16:13 28 February 2013
The Royal Bank of Scotland, which is mostly owned by the state, has reported a pre-tax loss of around £5.2billion for 2012. The same year saw the group pay-out large amounts for fines relating to PPI as well as the Libor case.
The announcement came on Thursday morning, 28th February, signalling that this was the fifth year the giant banking corporation has suffered a loss. Compared to its loss for the previous year, where RBS reported a loss of £1.2billion in 2011, the amount is far greater.
Although, the company has experienced certain achievements during the last year. The bank claims that they made an operating profit of almost £3.5billion, which is significantly higher than what they reported for 2011.

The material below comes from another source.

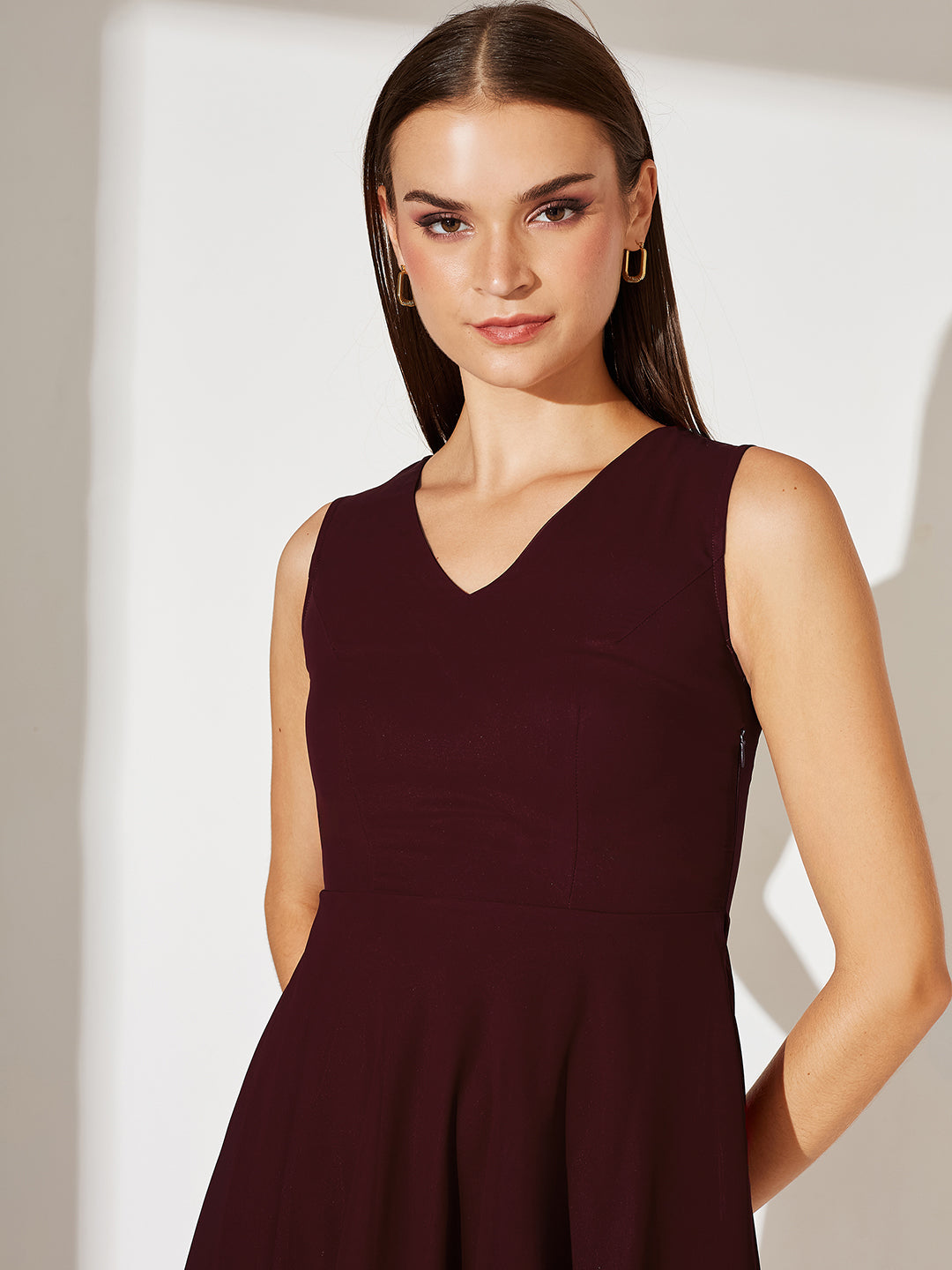 Women's Wine Red V-Neck Sleeveless Solid High-Low Midi Skater Dress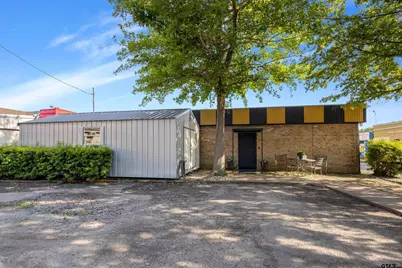 228 W Broad, Mineola, TX 75773 - Photo 4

The Chief Executive of RBS Stephen Hester said in a statement: “RBS is four years into its recovery plan and good progress has been made. We are a much smaller, more focused and stronger bank. Our target is for 2013 to be the last big year of restructuring.”
RBS was faced with a £450million fine with regards to mis-selling payment protection insurance (or PPI), which meant they had allotted £2.2billion of their funds to mis-selling. Also, the group suffered a cost of £381million over the Libor scandal.

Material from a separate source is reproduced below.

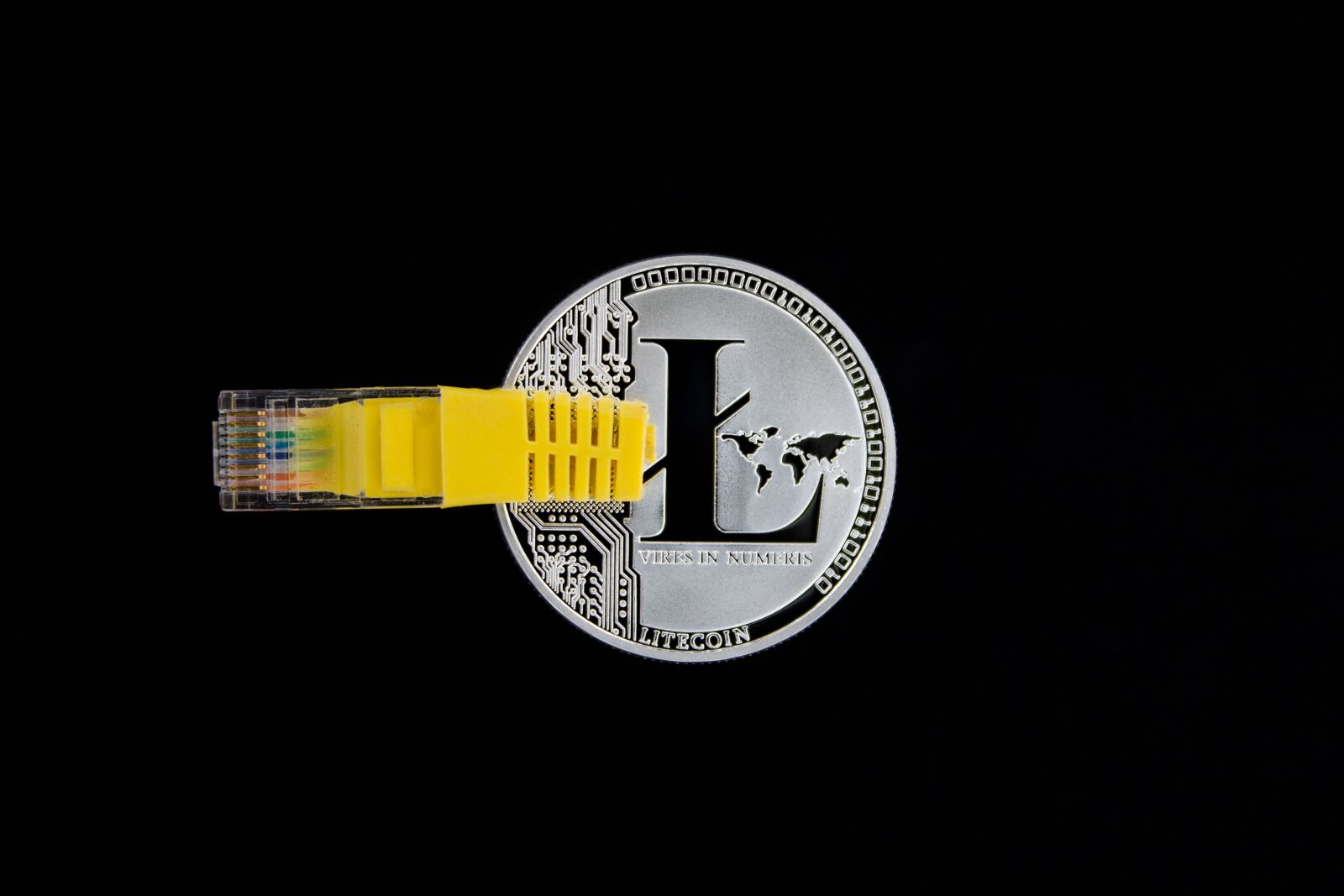 Canon EOS 60D sample photo. Cryptocurrency, money, litecoin photography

Chancellor George Osborne commented on RBS where he said: “The Government's strategy is for RBS to be a stronger and safer bank, which in time can be returned to full private ownership.”
He added: “I have been very clear that I want to see RBS as a British-based bank, focused on serving British businesses and consumers, with a smaller international investment bank to support that activity rather than to rival it.”
So, things could look positive for the bank in the future. RBS was taken over by the state over fours ago due to the state of the economy.